Apply a function to a column

Parameters
col: string

column in either data or metadata

func: functional

function to apply

convert_unit(conversion_mapping, inplace=False)[source]

Converts units based on provided unit conversion factors

Parameters
conversion_mapping: dict

for each unit for which a conversion should be carried out, provide current unit and target unit and conversion factor {<current unit>: [<target unit>, <conversion factor>]}

inplace: bool, default False

if True, do operation inplace and return None

copy()[source]

Return a deepcopy of self

Documentation about deepcopy is available here

export_metadata(path)[source]

Export metadata to Excel

Parameters
path: string

path/filename for xlsx file of metadata export

filter(keep=True, inplace=False, **kwargs)[source]

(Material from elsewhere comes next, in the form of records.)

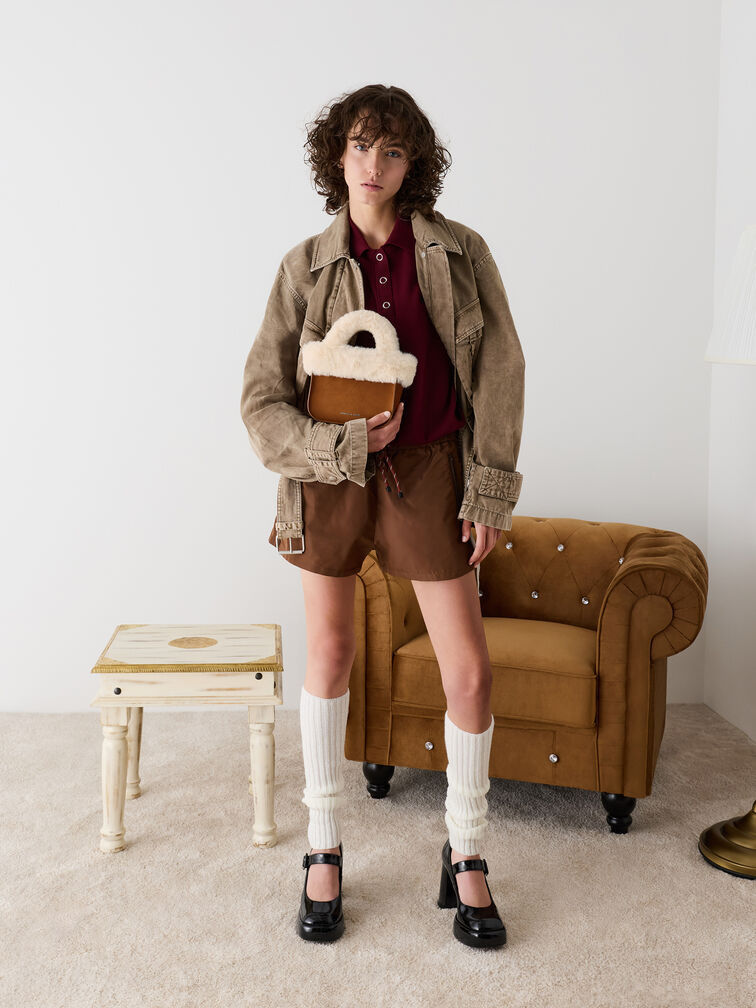 Girls' Wendy Faux Fur Tote Bag, Brown, hi-res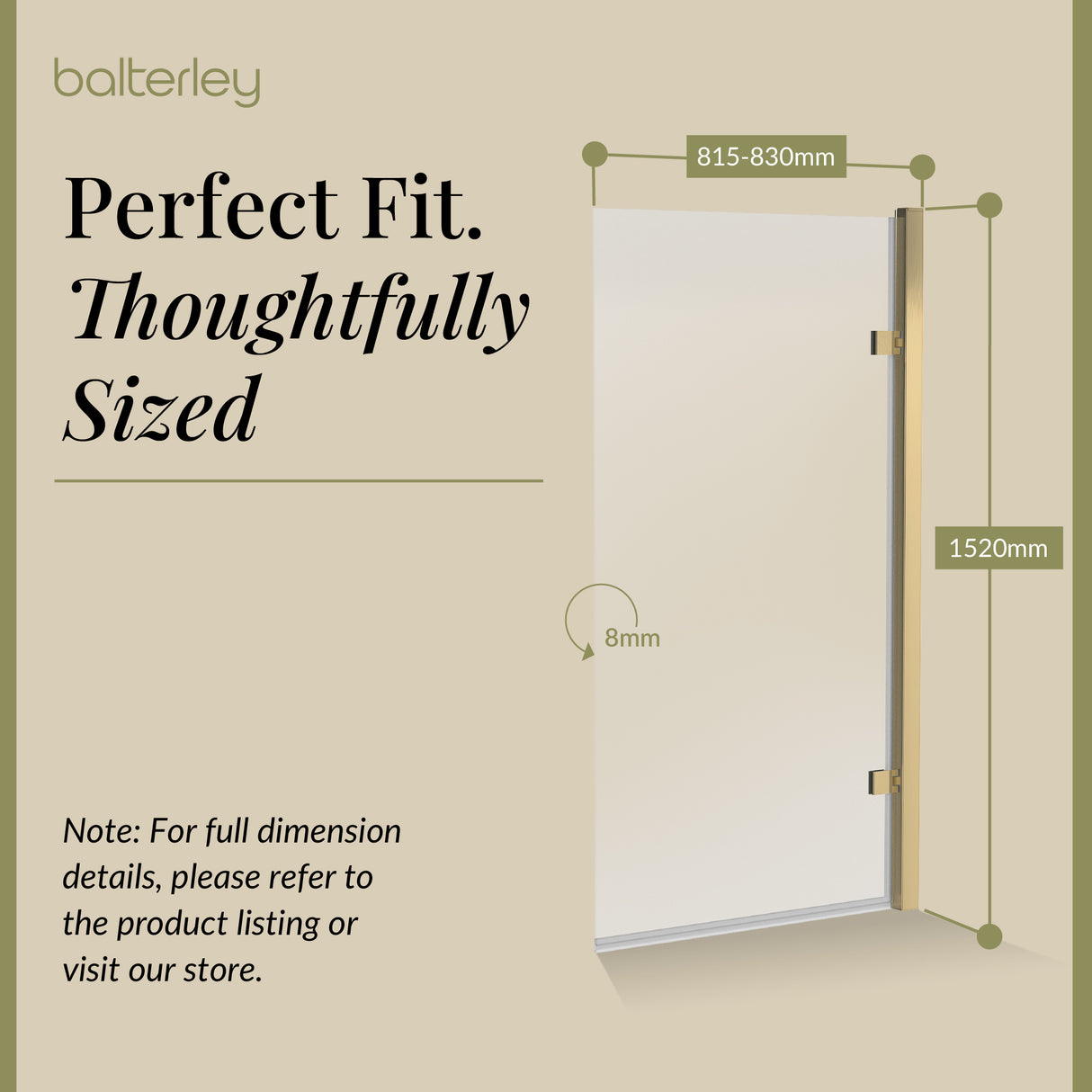 8mm Toughened Safety Glass Reversible Hinged Straight Shower Bath Screen - Choice of Colour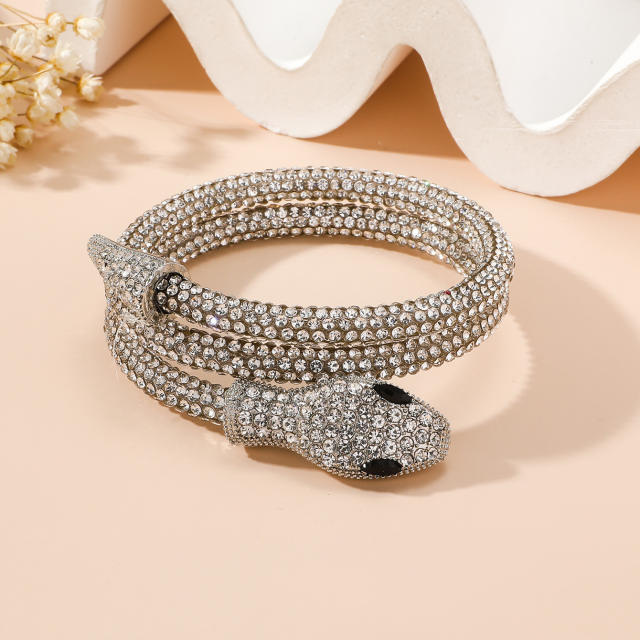 Punk trend colorful diamond snake Wrap Bracelet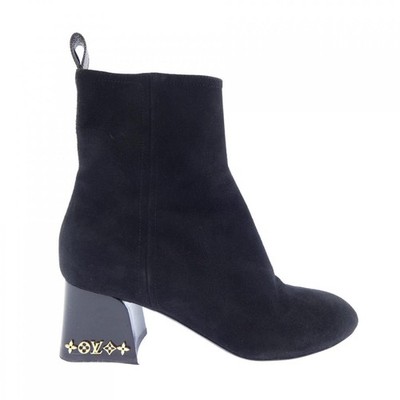 LOUIS VUITTON Boots Women's Size 36.5 Black Suede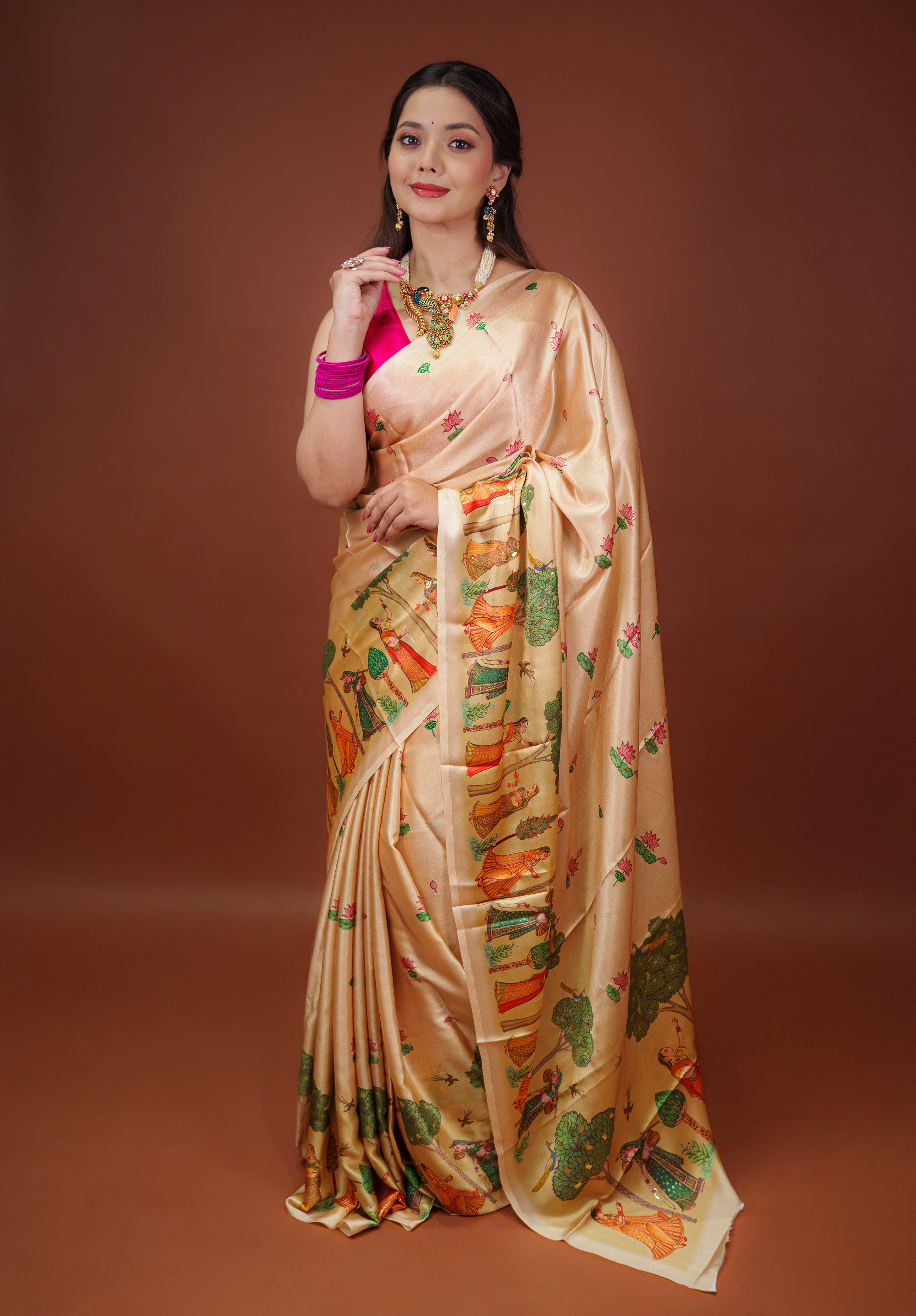 Women's Woven Fancy satin crap silk Saree With Blouse Piece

Return a filtered IamDataFrame (i.e., a subset of current data)

Parameters
keep: bool, default True

keep all scenarios satisfying the filters (if True) or the inverse

inplace: bool, default False

if True, do operation inplace and return None

filters by kwargs:
The following columns are available for filtering:
  • metadata columns: filter by category assignment

  • ‘model’, ‘scenario’, ‘region’, ‘variable’, ‘unit’: string or list of strings, where * can be used as a wildcard

  • ‘level’: the maximum “depth” of IAM variables (number of ‘|’) (excluding the strings given in the ‘variable’ argument)

  • ‘year’: takes an integer, a list of integers or a range note that the last year of a range is not included, so range(2010, 2015) is interpreted as [2010, …, 2014]

  • arguments for filtering by datetime.datetime (‘month’, ‘hour’, ‘time’)

  • ‘regexp=True’ disables pseudo-regexp syntax in pattern_match()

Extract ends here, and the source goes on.